Rondo a capriccio « Colère pour un sou perdu »

Chacque vendredi, Beethoven est ici. Pour le 250e anniversaire de la naissance de Beethoven, la Revue Musicale Suisse jettera chaque semaine un œil sur une œuvre différente de son catalogue. Aujourd’hui pour le Rondo a capriccio pour piano en sol majeur « Colère pour un sou perdu ».

Extrait du portrait de Beethoven par Joseph Karl Stieler, ca. 1820

Les listes de courses existaient déjà il y a des centaines d’années. Elles appartiennent toutefois à un type de texte qui perd sa raison d’être au bout de très peu de temps. Le morceau de papier est alors chiffonné, déchiré ou simplement jeté. Autrefois, il était utilisé au mieux pour allumer le feu, aujourd’hui il fait l’objet de recherches historico-culturelles. Beethoven a également utilisé des listes de courses. En 2011, l’une d’elles a été vendue aux enchères pour la somme de 74 000 euros. Le montant que la femme de ménage à qui elle était destinée a dû dépenser a été certainement bien moins élevé que ça : la liste mentionnait une trappe à souris, des allume-feux, du savon et trois couteaux à barbe. Y figurait aussi une note : « chez l’horloger pour votre métronome ».

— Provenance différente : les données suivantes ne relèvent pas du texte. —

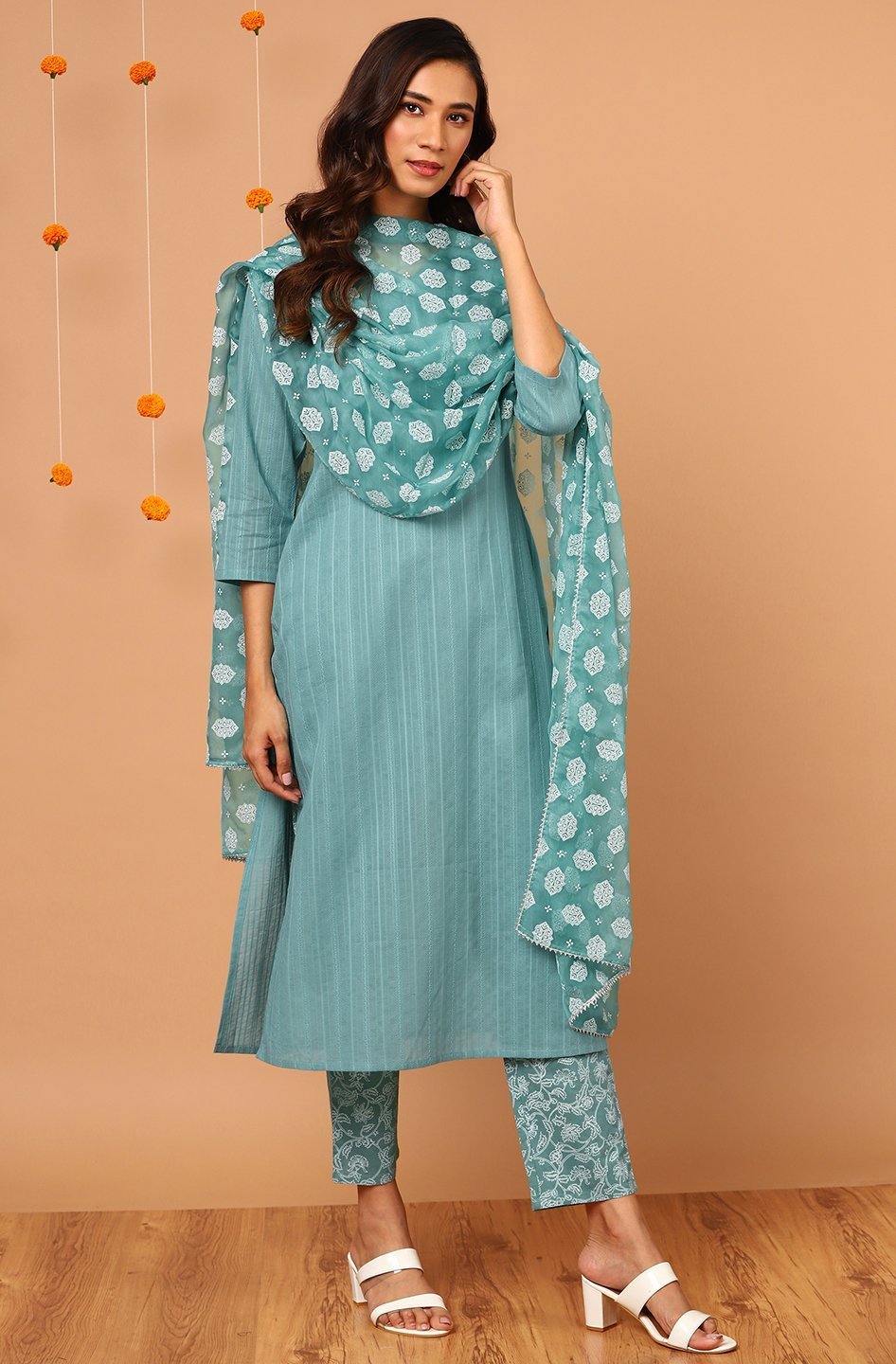 Women's Turquoise Cotton Kurta With Pant And Dupat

Beethoven aurait été étonné de ce montant. Mais peut-être aurait-il misé lui-même lors de cette enchère, car contrairement à beaucoup d’autres compositeurs et musiciens, il savait très bien gérer son argent. Du moins gagnait-il très correctement sa vie. Dès 1809, une pension lui a été accordée ; il n’a jamais vendu ses propres œuvres en dessous de leur valeur ; les dédicaces à des personnalités aristocratiques de haut rang étaient généralement récompensées financièrement. Il semble cependant que Beethoven n’ait jamais eu une vue d’ensemble correcte de sa fortune. En tout cas, il était moderne, prêt à prendre des risques et bien conseillé par son ami Franz Oliva lorsque, le 13 juillet 1819, il a acquis des actions d’une valeur de près de 10 000 florins de monnaie viennoise – l’équivalent d’environ 86 000 francs suisses – auprès de la « Banque nationale autrichienne privilégiée » qui venait d’être créée après la guerre. Selon les tarifs de l’époque, surtout pour un compositeur, il s’agissait d’une fortune considérable, qui permettra plus tard à son neveu Karl et à ses enfants de subvenir à leurs besoins. Le fait que Beethoven comptait sur les dividendes qui lui étaient versés deux fois par an est documenté dans une lettre du 8 février 1823 au chef comptable Franz Salzmann : « Je vous prie, en ce qui concerne mon cher dividende, de faire en sorte que je puisse le recevoir aujourd’hui ou demain, car notre personne a toujours besoin d’argent, et toutes les partitions que j’écris ne me sortent pas du pétrin !! »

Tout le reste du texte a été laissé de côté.